If it helps I have an 05.5 A4 with a gt76 and currently pushing 174,000 with no issues.. The gt76 has been on the car for the last 40k+



vizi


----------



## dmorrow (Jun 9, 2000)

I don't add the followers into my oil changes. I am at 124k miles, replaced the first follower at around 70k miles, second at around 105k and both of them looked good. Revo stage 1 since 25k miles. I have had very almost no problems with my engine.


----------



## bostonaudi1 (May 14, 2006)

FSI motors are rugged. Just replace the known weak points with newer improved components (DV, PCV). Just check cam follower now and then. 

The one thing that annoys me a bit (much more than above) is the oil consumption. BPY motors tend to drink it for breakfast lunch and dinner (and desert too).


----------



## azunderg (Apr 29, 2009)

bostonaudi1 said:


> FSI motors are rugged. Just replace the known weak points with newer improved components (DV, PCV). Just check cam follower now and then.
> 
> The one thing that annoys me a bit (much more than above) is the oil consumption. BPY motors tend to drink it for breakfast lunch and dinner (and desert too).


this...


----------



## jebglx (Jul 13, 2000)

bostonaudi1 said:


> The one thing that annoys me a bit (much more than above) is the oil consumption. BPY motors tend to drink it for breakfast lunch and dinner (and desert too).


no doubt :laugh:. i need a tanker parked in my back yard

70k on my 07 GTI. APR flashed since it was 2 months old & lives in the 93 program. my CEL just came on...looks to be the N205 valve

http://www.ecstuning.com/Volkswagen-Golf_V--2.0T/Engine/Electrical/ES281138/

anyone know where i can find an instructional on how to replace it?

going to change the cam follower soon


----------



## xJOKERx (Apr 8, 2009)

bostonaudi1 said:


> FSI motors are rugged. Just replace the known weak points with newer improved components (DV, PCV).

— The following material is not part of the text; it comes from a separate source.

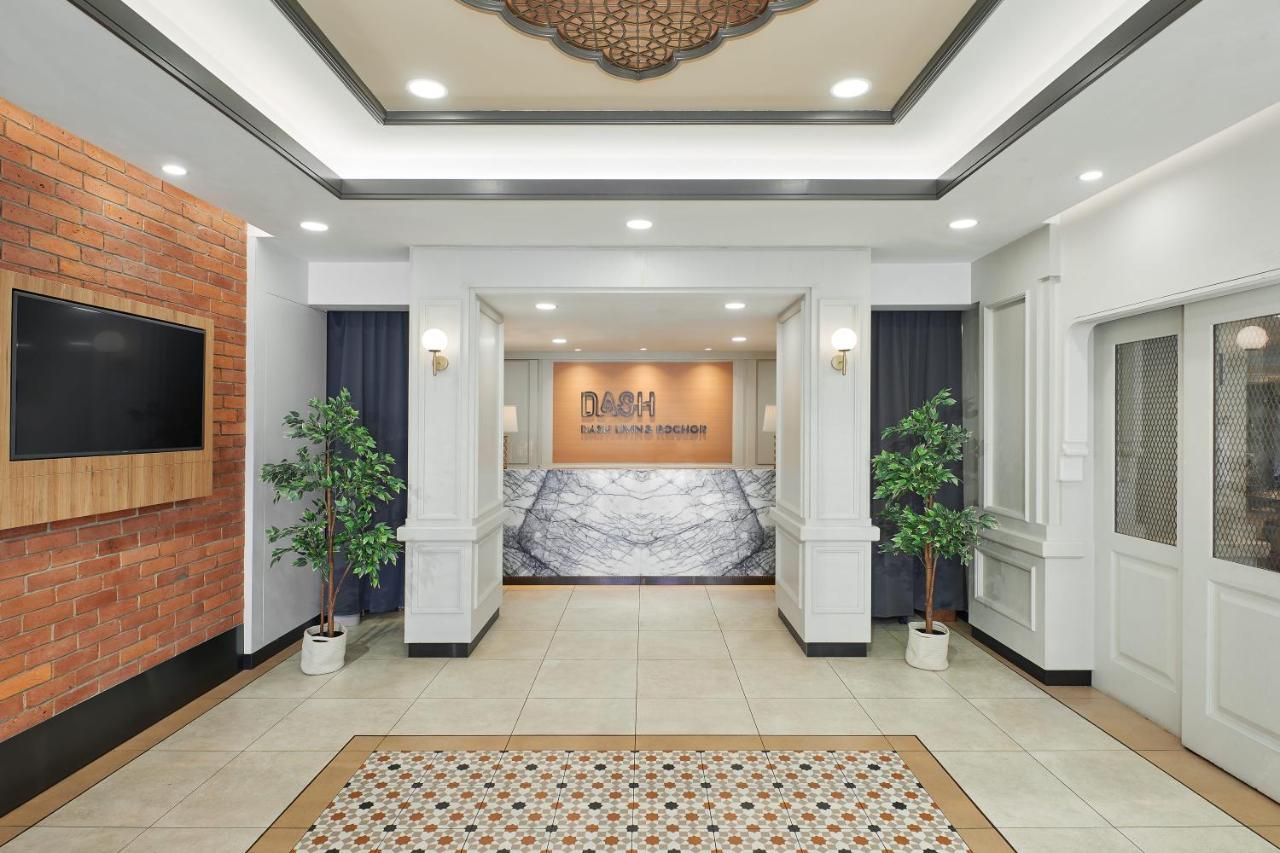 Khách sạn Dash Living Rochor 3*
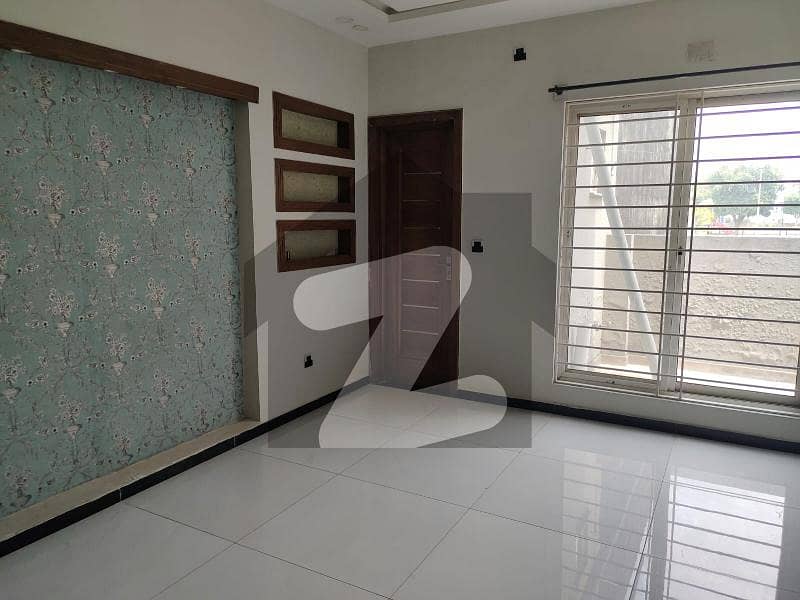 10 marla New unfurnished 5 bedrooms double house available for rent bahria town phase 7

Just check cam follower now and then.
> 
> The one thing that annoys me a bit (much more than above) is the oil consumption. BPY motors tend to drink it for breakfast lunch and dinner (and desert too).



this :thumbup:

check oil whenever you fill up with gas, top off in-between changes and your good.


----------



## 02GTI-VR6-same1 (Nov 18, 2004)

If you have all the latest oem fixes and revisions (latest version DV, PVC, flapper motor, cam) the only thing you really need to pay attention to is the cam follower. Fortunately most of us who have owned our FSI since 07' have had all these things addressed by now. I change mine out every 20k miles after having the original one punch thru at 80k miles (cam and pump covered under extended warranty). Crazy as it may sound I would need to see records that the follower FAILED and the latest revision cam was replaced under warranty before buying one. I can deal with old revision DV and PVC (easy oem and aftermarket fixes). I do not want to be replacing a camshaft because a follower failed and only a pump was replaced. or its simply a low mile car with soft cam lobe destined to fail in the future. I dont too care to have an expensive flapper motor replaced out of pocket either but I guess I could deal with that.


----------



## Scum Frog (May 30, 2011)

As stated the Cam Follower is the weak point.

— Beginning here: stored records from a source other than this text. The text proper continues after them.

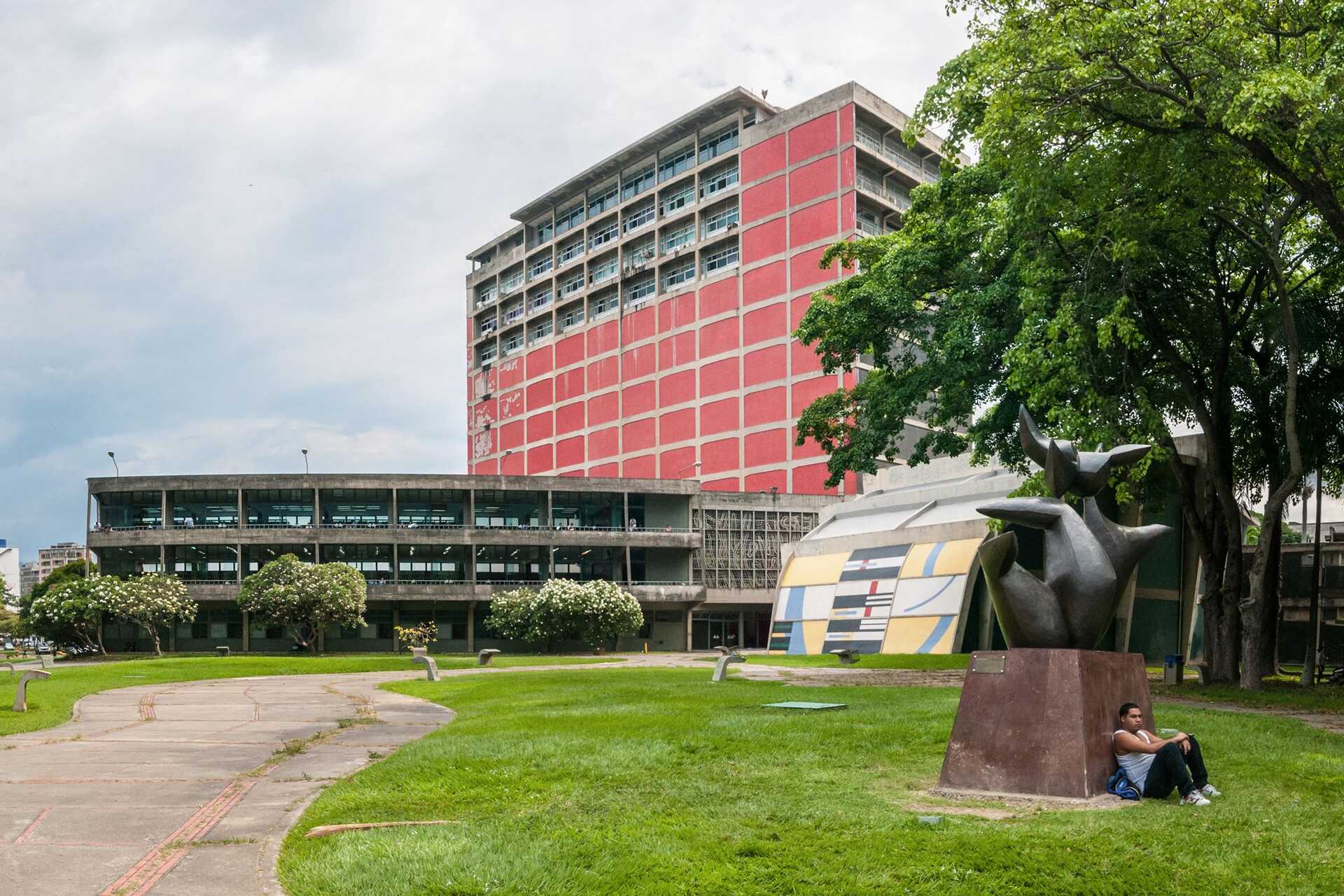 Venezuela: la Biblioteca Centrale dell’Universidad Central de Venezuela è un centro di sapere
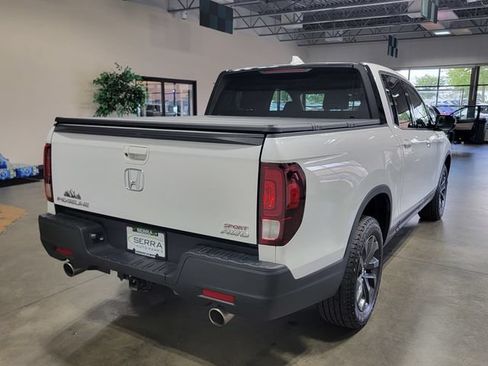 Certified 2023 Honda Ridgeline Sport image 5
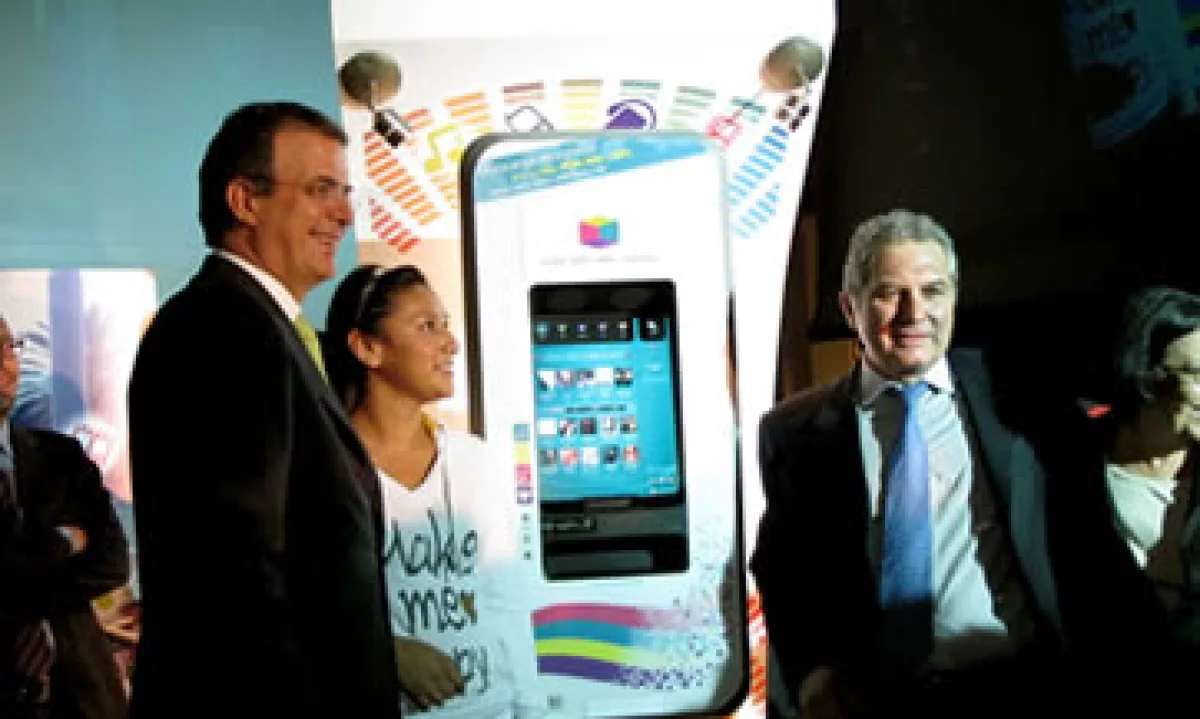 El Jefe de Gobierno del DF, Marcelo Ebrard, presentó el programa y uno de los kioscos que se colocarán en las plazas. (Foto: Cortesía del GDF)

With my '07 Jetta 2.0T the dealer did the following on warrenty right after I bought it last spring and have not had any issues since.

Cam Follower
Camshaft
Fuel Pump
Tensioner
Adjuster


----------



## ROH ECHT (Dec 9, 2010)

The cam follower isn't as much an issue with the oem hpfp, but will require checking/replacing the follower every 5k to 20k miles if you upgrade the hpfp.

Other than that, regular maintenance should include keeping the intake valves free of carbon build-up by either adding a catch-can system or doing a blow-by cleaning of them every 10k to 20k miles. Both will slow the build-up down but will not completely stop it. So eventually you will be getting mysterious misfires and you will need to do a manual valve cleaning. 

Other than these two, you have regular maintenance. Fluid changing, plugs, belts(timing & accessory), coils, filters, and occasionally a bad pcv & or breather tube, and DV. 

If you'd rather not be bothered or are more of a hands-on person, you can set these up to accommodate either style.


----------



## jhines_06gli (Feb 3, 2006)

Don't forget the carbon buildup problem that plagues all the direct-injection engines and robs the low-end torque and fuel mileage. 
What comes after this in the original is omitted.